Teacher script · ~45 min
- 0–5
Hook
When a computer plays checkers or suggests a route home, it isn't thinking like you. It is trying lots of possibilities very fast and keeping the ones that score well. That's the whole trick: generate options, score them, pick the best.
- 5–15
Explore
Students do the activity in pairs: Solve a maze twice: once exploring blindly, once always stepping toward the goal. Count the steps. The smarter rule wins: that's a 'heuristic.'
- 15–30
Explain
AI has a small toolbox. SEARCH explores possible futures (chess). CONSTRAINTS rule out impossible combinations (Sudoku, scheduling). LEARNING finds patterns in data (spam filters). PROBABILITY reasons when you can't be sure (medical diagnosis). Most real systems bolt several of these together.
- 30–40
Connect to the summit
Show students this is the real thing professionals build: CS221, the real thing. The map of all of AI, search, logic, learning, and uncertainty, and how the pieces fit.
- 40–45
Check
Run the formative check below.
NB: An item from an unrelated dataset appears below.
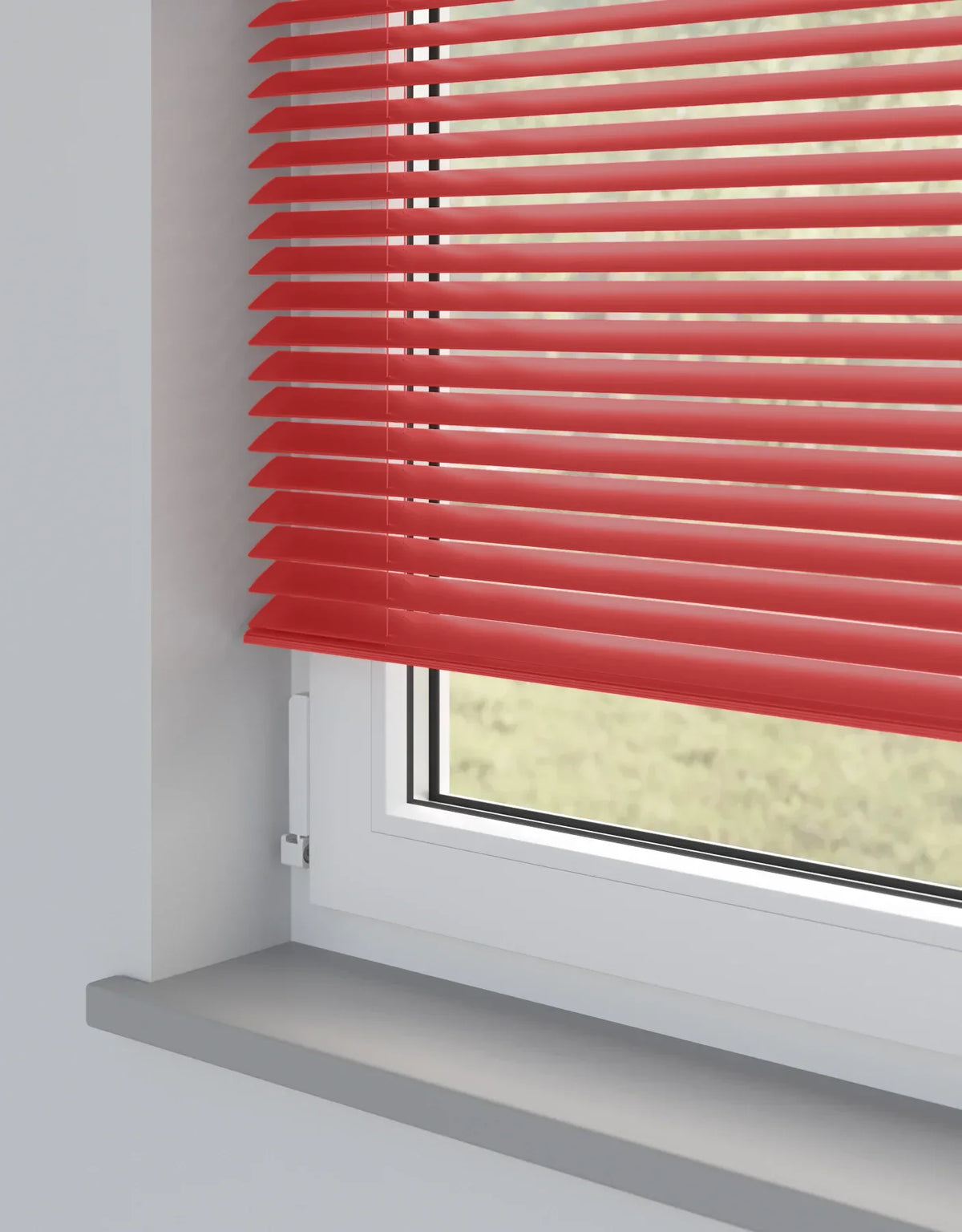 Scarlet Metal Venetian Blind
Anyone who can explain a key term in their own words has it.
Student activity
Solve a maze twice: once exploring blindly, once always stepping toward the goal. Count the steps. The smarter rule wins: that's a 'heuristic.'
Slides
Formative check
- 1.In your own words, what is "State space"? (Looking for: Every situation the problem could possibly be in, and the moves between them.)
- 2.In your own words, what is "Heuristic"? (Looking for: A cheap guess at how close you are to the goal, used to search smarter.)
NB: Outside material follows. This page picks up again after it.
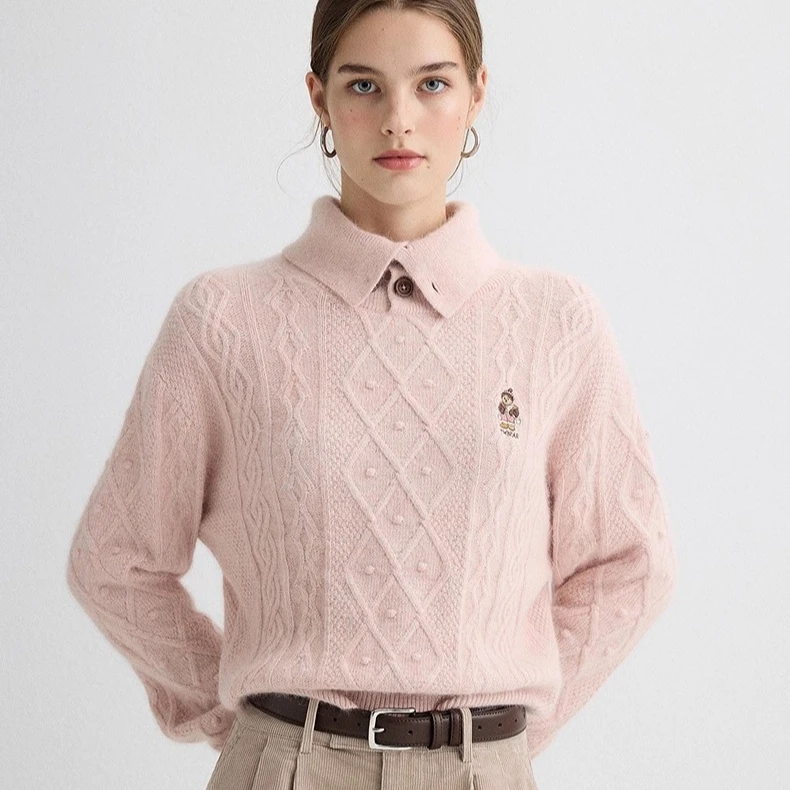 【含兔毛+羊毛】TeenieWeenie25秋新款毛衣TTKW254VC2B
- 3.In your own words, what is "Markov Decision Process"? (Looking for: A formal way to describe choosing actions over time when outcomes are uncertain.)
Carry-away concepts
- State space
- Every situation the problem could possibly be in, and the moves between them.
- Heuristic
- A cheap guess at how close you are to the goal, used to search smarter.
- Markov Decision Process
- A formal way to describe choosing actions over time when outcomes are uncertain.
- Modeling
- Turning a vague real problem into a precise math problem you can actually solve.
From the summit · the Stanford source
Graduate survey: you implement search, constraint solvers, Markov decision processes, game-playing agents, and Bayesian networks, and argue about which tool fits which problem.
This module descends from CS221 at Stanford. Students who climb the full ladder arrive here.